Die Schweizer Stimmbevölkerung hat das Privileg, sich direkt in die Politik einbringen zu können. Viermal im Jahr stimmen wir über diverse Vorlagen ab. Für uns Schweizer gehört dies zum politischen Alltag. Dabei vergessen wir oft, dass auch andere Länder solche direktdemokratischen Instrumente kennen – wie die USA.
In den USA gibt es auf nationaler Ebene keine direkte Demokratie. Jeder Bundesstaat kennt eigene Regeln.

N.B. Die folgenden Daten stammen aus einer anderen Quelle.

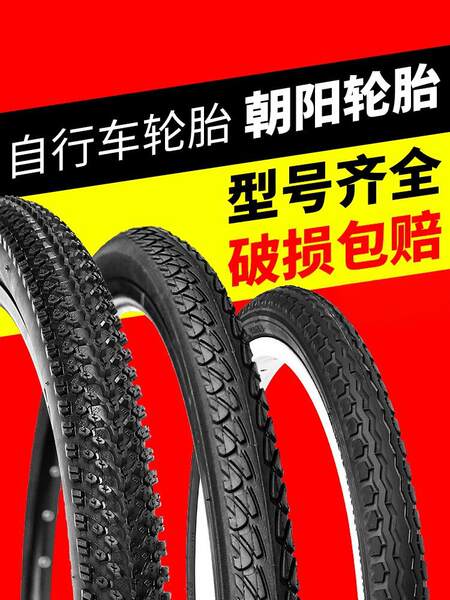 Pneus para bicicletas 12/14/16/18/20/22/24 polegadas 26X1.5/1.75/1.95 resistentes ao desgaste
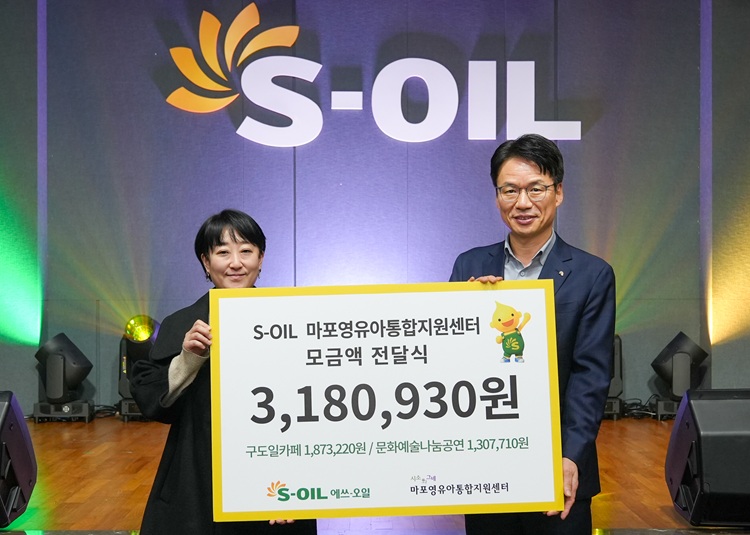S-OIL, 지역사회를 위한 구도일 카페∙문화나눔공연 성금 전달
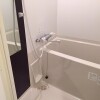 1K 아파트 to Rent in Arakawa-ku Bathroom
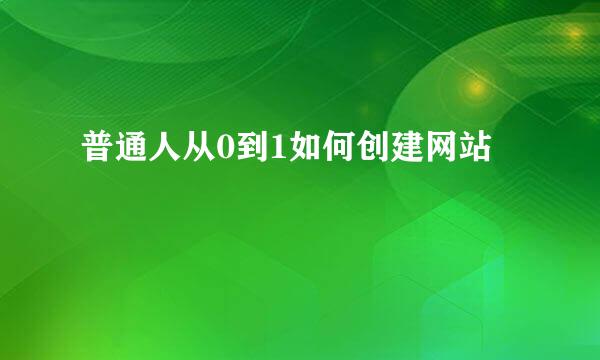 普通人从0到1如何创建网站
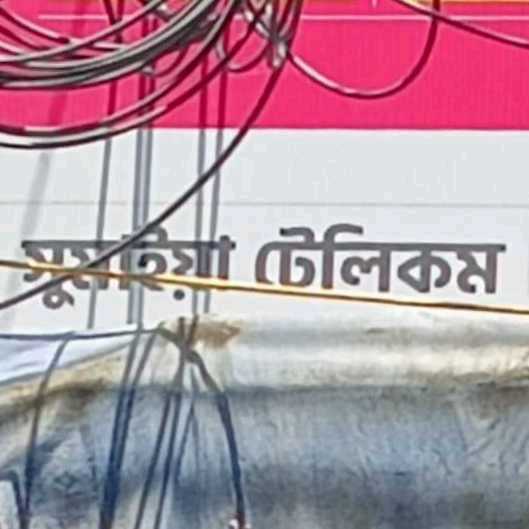Sumaiya Telecom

Bei der Abstimmung im US-Bundesstaat Kansas handelt es sich um ein obligatorisches Referendum, ähnlich wie wir es hier in der Schweiz kennen. Wie in vielen US-Bundesstaaten müssen solche Verfassungsänderungen in Kansas durch die Stimmbürger gutgeheissen werden.
Grundsätzlich gibt es zwei Kategorien von direktdemokratischen Instrumenten, die sich anhand des Ausgangspunktes unterscheiden:
- Die sogenannten Volksbefragungen haben ihren Anfang bei der Legislative: Ein Parlament beschliesst eine Änderung und möchte/muss das Volk dazu befragen. Dies gibt es sowohl bei Verfassungsänderungen, als auch bei Anpassungen von Gesetzen.

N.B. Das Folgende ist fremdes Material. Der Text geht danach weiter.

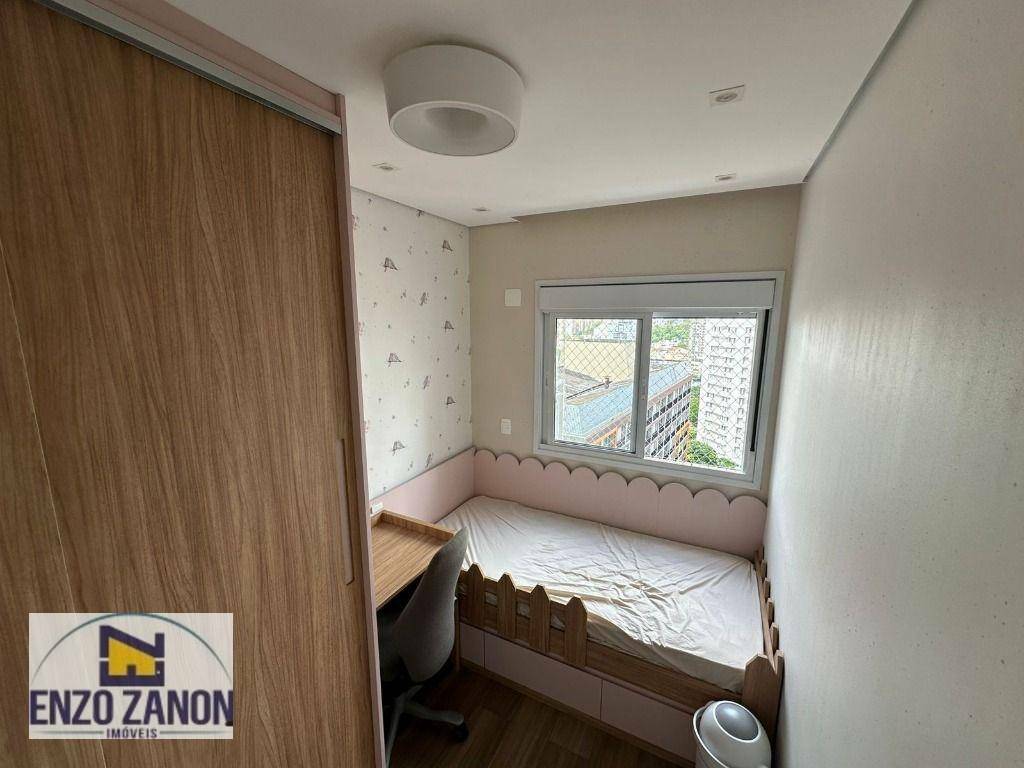 Apartamento à venda com 3 quartos, 95m² - Foto 12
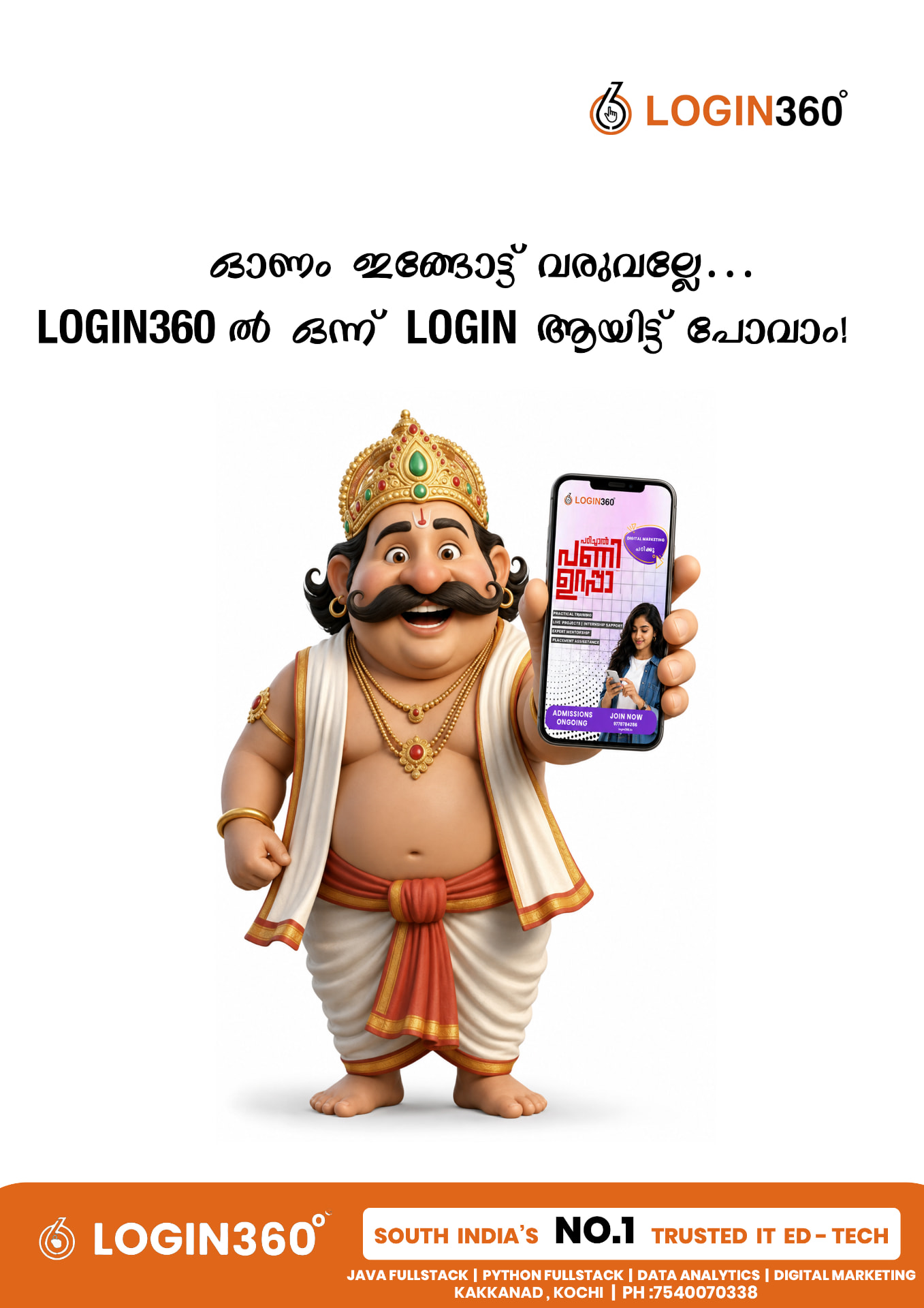 Login360 Onam Malayalam poster with Maveli holding a phone, designed by Muhammed Naseef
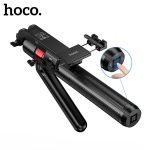 Hoco DYY04 Star Smart Face Tracking Gimbal Selfie Stick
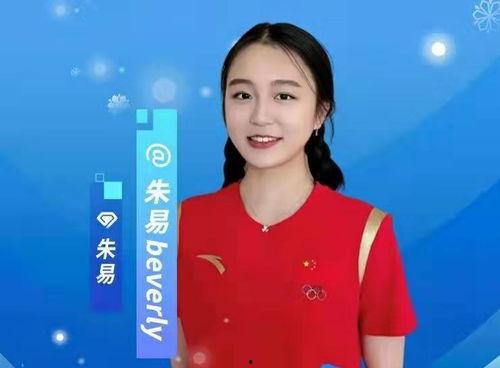 耿莲凤家庭背景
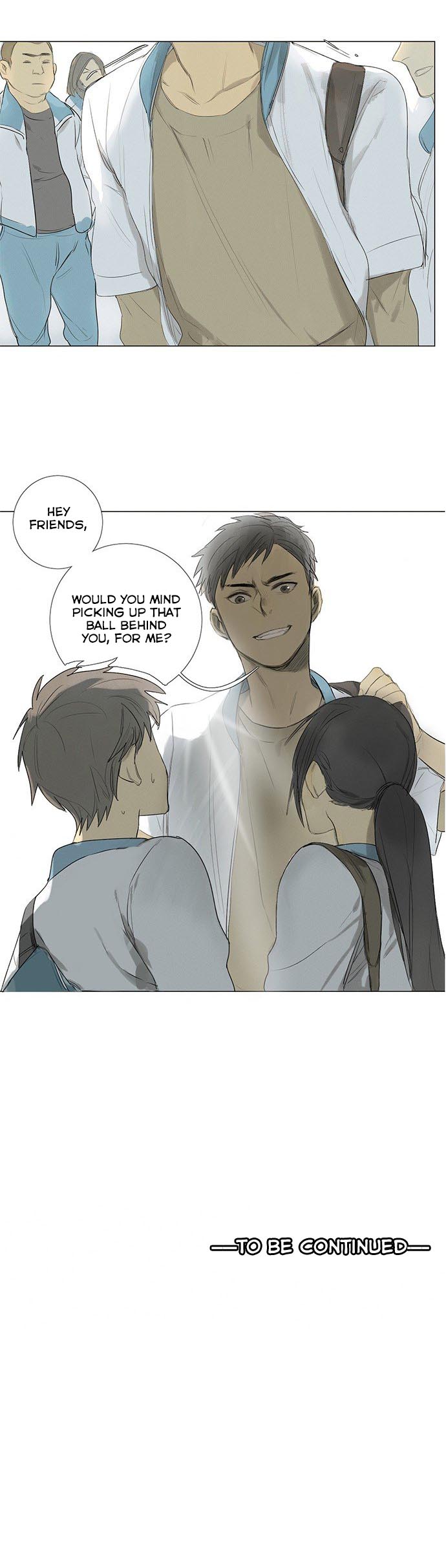 Mu Wu's Forest Ch. 6 第14页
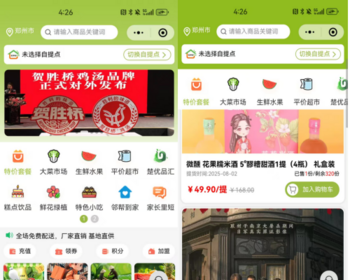 TP框架 升级运营版商城小程序+H5+公众号端商城源码+砍价+拼团+秒杀+签到+分销 - PHP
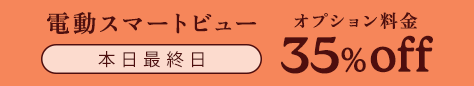 20260609 ???????35%OFF lastday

- Die zweite Kategorie umfasst alle Anliegen, die direkt vom Volk initiiert werden. Dazu gehören wie in der Schweiz die Verfassungsinitiative und das fakultative Referendum. Einige Bundesstaaten kennen aber auch die Gesetzesinitiative, die es bei uns nicht gibt.
Die USA hat noch weitere Besonderheiten zu bieten. Beispielsweise erlaubt der Bundesstaat Nevada die sogenannte Gesetzesbestätigung.
Dabei können Unterschriften für ein bestimmtes, bereits existierendes Gesetz gesammelt werden. Wenn dieses Gesetz unter der Stimmbevölkerung eine Mehrheit findet, kann das Parlament dieses Gesetz nicht zurückziehen oder abändern, es sei denn, eine Mehrheit der Stimmbevölkerung stimmt zu.
Spezialfall Recall Election
Es kommt vor, dass US-Politiker die Gunst ihrer Wähler so stark verspielen, dass diese nicht bis zur nächsten Wahl warten wollen, um die Abwahl zu vollziehen. Für diese Fälle kennen viele Staaten eine sogenannte Recall Election. Dazu muss wie bei einer Initiative eine Mindestanzahl an Unterschriften gesammelt werden, damit die Rückruf-Wahl stattfinden kann.
Als beispielsweise der kalifornische Gouverneur im Jahr 2003, der Demokrat Gray Davis, die Reaktion auf die durch die Dotcom-Blase ausgelöste Rezession vermasselte, musste er sich einer verfrühten Abwahl stellen. So schafften es die Republikaner mit ihrem Star-Kandidaten Arnold Schwarzenegger im traditionell demokratisch-regierten Bundesstaat Kalifornien in die Villa des Gouverneurs.
Vorstösse für ein nationales Initiativrecht
In den frühen 2000er Jahren setzten sich der ehemalige US-Senator Mike Gravel und die non-profit NGO Democracy Foundation für eine Erweiterung der US-Verfassung ein, die das Initiativrecht auf nationaler Ebene einführen sollte. Doch weder die Kandidatur zur Präsidentschaft von Gravel im Jahr 2008, noch jene von Tom Steyer im Jahr 2020 verhalfen diesen direktdemokratischen Impulsen zum Durchbruch.
Ein Grund dafür mag sein, dass die US-Gründerväter ihren Staat nicht nur vor der Tyrannei eines mächtigen Individuums schützen wollten, sondern auch vor der Herrschaft des Pöbels, wie es James Madison ausdrücken würde.